> **Required work**: Reproduce the whole listing word for word. Leave every image out.

> **Stored data**:
%%

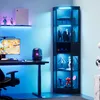 Pětipodlažní skleněná vitrína s úložným prostorem, LED Náhled obrázku produktu 2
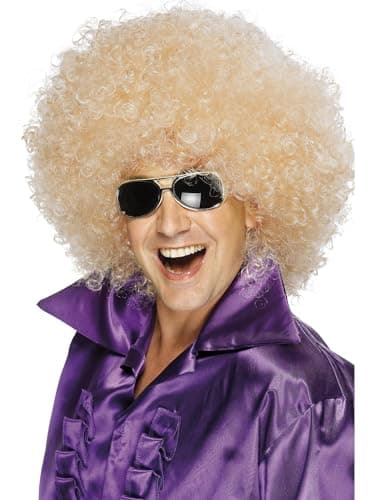 Smiffys mens Afro Wig, Mega-huge Costume Wig, Blonde, One Size US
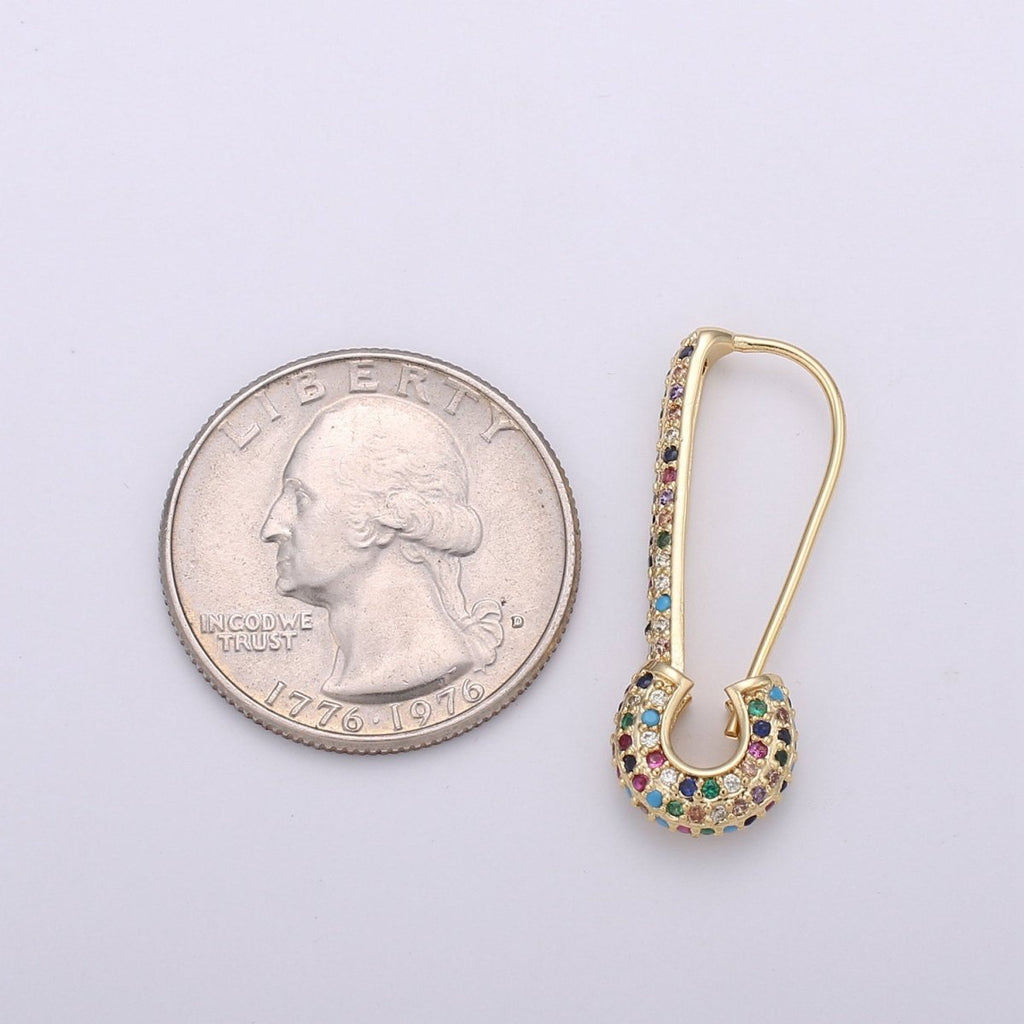 Gold Safety pin earrings- sparkly safety pins/ needle earrings/ Micro pave safety pin drop earrings Rainbow Colorful Safety Pin Earring, K-446 - DLUXCA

%%

> **Response to this task**:
 Pětipodlažní skleněná vitrína s úložným prostorem, LED Náhled obrázku produktu 2
 Smiffys mens Afro Wig, Mega-huge Costume Wig, Blonde, One Size US
 Gold Safety pin earrings- sparkly safety pins/ needle earrings/ Micro pave safety pin drop earrings Rainbow Colorful Safety Pin Earring, K-446 - DLUXCA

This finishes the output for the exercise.